RuckusWirelessIL / pentaho-kafka-consumer

Apache Kafka consumer step plug-in for Pentaho Kettle
Apache License 2.0
66 stars 40 forks source link

Consumer reads messages more than once #34

Closed virivigio closed 3 years ago

virivigio commented 3 years ago

Hi, thank you for this plugin. I'm experiencing a behaviour I don't understand and I'd like to figure it out whether is there are errors on my business logic. Here it is my skeleton: skeleton And I'm using mostly default values: defaults

The transformation on the right is called every 1000 rows. It's about 500 rows per second and it is aligned with the message throughput. Sometimes we have to stop it for a while so, upon restart, there is a lag which can be consistent (400k message). This means that for half an hour we have kettle filling up server resources to catch up. It's fine and it works. But in those cases, and only in those where the server is at full capacity, the kafka consumer emits more messages than the actual number in the kafka topic. Eg:

I understand this is acceptable in an at-least-once scenario, and it's ok, we discard duplicates, no harm. But I'm just curious about understanding how those repetitions are related with performances. Why this happens on "stress"? Is there any timeout I overlooked which makes the consumer "retry"?

Thank you Virgilio

spektom commented 3 years ago

Hi Virgilio,

auto.commit.interval.ms is how often offsets are committed in ZooKeeper, default value is 60 seconds (which is huge).

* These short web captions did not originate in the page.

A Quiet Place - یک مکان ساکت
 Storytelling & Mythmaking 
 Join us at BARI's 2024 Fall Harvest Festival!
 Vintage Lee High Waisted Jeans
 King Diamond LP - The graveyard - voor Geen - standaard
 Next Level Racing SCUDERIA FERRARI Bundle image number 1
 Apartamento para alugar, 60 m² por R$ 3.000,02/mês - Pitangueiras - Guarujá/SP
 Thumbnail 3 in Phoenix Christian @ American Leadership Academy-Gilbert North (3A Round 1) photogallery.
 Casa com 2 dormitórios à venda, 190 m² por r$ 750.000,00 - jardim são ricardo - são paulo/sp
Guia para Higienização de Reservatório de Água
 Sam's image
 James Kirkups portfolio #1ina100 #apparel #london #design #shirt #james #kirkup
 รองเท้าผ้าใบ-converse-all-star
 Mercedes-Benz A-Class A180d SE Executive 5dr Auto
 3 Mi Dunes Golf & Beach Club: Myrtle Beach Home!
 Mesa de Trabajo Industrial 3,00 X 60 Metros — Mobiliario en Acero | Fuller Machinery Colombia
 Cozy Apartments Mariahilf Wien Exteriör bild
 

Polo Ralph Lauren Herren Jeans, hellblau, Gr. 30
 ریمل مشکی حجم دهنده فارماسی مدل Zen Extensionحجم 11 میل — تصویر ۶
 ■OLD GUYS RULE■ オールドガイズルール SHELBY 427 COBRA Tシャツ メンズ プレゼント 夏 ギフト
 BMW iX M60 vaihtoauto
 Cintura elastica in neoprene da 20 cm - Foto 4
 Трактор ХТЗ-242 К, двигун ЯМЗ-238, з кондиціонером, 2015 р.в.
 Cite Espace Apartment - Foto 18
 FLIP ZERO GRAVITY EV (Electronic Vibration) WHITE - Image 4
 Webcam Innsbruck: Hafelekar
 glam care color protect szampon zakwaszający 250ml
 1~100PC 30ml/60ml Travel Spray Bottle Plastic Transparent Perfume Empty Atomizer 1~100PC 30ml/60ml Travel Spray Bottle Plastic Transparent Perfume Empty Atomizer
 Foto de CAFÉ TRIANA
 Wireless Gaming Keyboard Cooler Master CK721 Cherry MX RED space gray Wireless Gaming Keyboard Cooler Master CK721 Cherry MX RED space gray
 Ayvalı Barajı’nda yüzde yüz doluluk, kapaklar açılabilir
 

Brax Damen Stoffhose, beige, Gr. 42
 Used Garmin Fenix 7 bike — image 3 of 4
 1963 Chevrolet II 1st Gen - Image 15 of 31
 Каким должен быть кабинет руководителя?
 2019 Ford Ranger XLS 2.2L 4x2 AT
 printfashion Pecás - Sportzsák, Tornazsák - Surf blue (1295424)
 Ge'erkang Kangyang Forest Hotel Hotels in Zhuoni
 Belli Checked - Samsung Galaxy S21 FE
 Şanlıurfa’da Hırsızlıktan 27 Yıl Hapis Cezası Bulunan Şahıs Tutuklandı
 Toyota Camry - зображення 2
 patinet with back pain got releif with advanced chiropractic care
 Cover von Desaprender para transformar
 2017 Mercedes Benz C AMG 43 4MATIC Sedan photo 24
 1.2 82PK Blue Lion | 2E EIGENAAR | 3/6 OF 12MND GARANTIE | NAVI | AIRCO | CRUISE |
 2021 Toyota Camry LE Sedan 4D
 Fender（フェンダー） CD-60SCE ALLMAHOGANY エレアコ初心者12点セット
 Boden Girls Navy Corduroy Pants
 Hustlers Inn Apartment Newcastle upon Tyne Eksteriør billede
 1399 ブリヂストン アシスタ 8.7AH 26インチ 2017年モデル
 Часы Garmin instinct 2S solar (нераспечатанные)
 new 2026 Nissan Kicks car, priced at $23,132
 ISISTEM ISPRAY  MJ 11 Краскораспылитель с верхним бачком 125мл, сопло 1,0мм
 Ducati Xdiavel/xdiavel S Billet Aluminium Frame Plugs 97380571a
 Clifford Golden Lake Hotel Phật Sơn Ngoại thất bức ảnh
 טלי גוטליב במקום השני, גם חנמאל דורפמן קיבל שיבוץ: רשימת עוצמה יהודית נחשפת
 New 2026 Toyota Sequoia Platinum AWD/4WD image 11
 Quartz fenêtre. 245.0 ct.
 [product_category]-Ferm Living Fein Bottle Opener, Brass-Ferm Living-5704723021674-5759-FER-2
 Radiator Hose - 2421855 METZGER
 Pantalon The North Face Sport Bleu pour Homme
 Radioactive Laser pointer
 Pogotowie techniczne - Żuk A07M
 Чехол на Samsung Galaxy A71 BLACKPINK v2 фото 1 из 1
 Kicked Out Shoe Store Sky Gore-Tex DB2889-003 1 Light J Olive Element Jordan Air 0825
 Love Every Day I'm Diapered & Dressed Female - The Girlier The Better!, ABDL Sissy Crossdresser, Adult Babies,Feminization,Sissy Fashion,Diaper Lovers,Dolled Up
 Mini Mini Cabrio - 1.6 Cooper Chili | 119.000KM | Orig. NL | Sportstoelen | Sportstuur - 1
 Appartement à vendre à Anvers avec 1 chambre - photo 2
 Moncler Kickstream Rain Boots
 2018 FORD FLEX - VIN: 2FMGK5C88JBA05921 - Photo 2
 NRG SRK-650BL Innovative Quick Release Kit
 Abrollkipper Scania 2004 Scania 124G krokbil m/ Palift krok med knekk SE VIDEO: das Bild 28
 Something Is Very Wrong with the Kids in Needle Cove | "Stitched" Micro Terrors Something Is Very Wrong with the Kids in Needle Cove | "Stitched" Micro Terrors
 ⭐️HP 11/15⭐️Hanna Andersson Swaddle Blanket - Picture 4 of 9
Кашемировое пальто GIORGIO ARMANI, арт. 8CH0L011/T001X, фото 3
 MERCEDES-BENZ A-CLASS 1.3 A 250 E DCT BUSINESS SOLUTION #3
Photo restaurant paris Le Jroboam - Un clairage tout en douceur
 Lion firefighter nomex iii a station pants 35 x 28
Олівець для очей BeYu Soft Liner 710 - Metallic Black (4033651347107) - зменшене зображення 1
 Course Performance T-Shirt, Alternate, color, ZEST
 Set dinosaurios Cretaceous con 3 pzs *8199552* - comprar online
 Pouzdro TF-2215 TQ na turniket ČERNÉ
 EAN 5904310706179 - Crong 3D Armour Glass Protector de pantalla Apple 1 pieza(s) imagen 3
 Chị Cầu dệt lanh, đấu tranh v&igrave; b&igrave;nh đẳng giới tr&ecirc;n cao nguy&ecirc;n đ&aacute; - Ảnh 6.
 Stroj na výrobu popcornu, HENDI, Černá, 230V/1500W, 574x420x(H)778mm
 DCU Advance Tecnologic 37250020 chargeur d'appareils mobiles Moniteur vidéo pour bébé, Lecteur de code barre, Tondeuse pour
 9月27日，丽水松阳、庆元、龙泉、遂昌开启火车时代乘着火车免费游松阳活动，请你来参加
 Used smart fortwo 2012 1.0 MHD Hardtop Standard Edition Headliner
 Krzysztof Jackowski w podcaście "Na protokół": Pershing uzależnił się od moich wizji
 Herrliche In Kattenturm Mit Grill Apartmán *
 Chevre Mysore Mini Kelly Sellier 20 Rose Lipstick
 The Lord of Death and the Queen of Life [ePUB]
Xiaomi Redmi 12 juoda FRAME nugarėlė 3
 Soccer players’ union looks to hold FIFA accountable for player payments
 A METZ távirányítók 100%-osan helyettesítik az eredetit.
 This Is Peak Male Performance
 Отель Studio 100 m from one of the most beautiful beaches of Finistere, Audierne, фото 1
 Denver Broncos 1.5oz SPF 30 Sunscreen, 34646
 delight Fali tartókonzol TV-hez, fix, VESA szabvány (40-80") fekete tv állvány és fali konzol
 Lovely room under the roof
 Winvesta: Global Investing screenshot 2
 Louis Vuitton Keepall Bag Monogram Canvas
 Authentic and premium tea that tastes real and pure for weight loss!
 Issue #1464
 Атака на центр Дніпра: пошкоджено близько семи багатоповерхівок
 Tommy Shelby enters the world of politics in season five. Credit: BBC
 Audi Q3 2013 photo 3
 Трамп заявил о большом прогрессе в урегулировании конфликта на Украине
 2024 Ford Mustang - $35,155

Of course, the number of duplicates correlates well with current "stress": the more messages are read, the highest is the chance that more messages were read after offsets were committed for the last time. You may want to reduce the auto-commit interval to some lower value.

The best way would adding a support for Kafka low-level consumer, which would help avoid events duplication, but:

1) I'm not sure what's the best method to store offsets in Kettle, and how to align them with retries, etc. 2) To facilitate exactly once processing, the whole pipeline must support it.

So, the only option I see is really playing with auto-commit interval.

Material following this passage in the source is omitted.